In the data, extract each line that holds the string "Leather".

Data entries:
* * * * * * *

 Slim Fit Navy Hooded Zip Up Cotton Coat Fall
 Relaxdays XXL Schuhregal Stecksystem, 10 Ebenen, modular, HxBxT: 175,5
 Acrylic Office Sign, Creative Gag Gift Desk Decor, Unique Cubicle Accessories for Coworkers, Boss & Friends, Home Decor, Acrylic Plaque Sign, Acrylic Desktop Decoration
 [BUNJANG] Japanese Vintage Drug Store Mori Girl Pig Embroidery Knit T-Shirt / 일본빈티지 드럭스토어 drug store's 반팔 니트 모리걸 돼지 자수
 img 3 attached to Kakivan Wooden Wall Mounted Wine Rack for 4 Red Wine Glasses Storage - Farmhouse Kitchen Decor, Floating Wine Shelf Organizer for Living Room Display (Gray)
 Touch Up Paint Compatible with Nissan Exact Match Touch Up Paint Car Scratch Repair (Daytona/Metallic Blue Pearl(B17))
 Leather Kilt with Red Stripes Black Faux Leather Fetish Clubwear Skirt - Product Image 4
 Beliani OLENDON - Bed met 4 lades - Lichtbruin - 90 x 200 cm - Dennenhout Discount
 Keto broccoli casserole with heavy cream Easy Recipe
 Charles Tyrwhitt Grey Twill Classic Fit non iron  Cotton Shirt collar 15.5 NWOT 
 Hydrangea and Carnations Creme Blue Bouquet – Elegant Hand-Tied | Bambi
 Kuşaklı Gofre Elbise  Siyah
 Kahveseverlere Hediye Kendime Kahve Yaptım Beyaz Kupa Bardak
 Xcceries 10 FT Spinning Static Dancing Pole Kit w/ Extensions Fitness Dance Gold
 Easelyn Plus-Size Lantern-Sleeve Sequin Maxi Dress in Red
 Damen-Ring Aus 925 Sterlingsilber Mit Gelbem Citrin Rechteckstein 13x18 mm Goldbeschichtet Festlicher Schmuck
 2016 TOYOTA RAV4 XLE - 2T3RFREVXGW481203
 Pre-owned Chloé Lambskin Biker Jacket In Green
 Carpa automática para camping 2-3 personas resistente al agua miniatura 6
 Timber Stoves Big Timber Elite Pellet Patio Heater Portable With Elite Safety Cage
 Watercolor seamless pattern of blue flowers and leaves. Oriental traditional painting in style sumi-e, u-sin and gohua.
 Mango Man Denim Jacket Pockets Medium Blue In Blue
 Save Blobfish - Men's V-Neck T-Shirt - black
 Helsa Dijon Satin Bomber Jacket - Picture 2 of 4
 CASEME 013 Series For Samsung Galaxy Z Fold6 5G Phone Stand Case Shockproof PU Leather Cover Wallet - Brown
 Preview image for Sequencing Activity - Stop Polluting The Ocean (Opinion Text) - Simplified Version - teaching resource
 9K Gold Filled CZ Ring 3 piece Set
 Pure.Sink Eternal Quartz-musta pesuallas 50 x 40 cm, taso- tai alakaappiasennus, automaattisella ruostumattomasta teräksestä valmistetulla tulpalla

* * * * * * *

- Response area
 Leather Kilt with Red Stripes Black Faux Leather Fetish Clubwear Skirt - Product Image 4
 CASEME 013 Series For Samsung Galaxy Z Fold6 5G Phone Stand Case Shockproof PU Leather Cover Wallet - Brown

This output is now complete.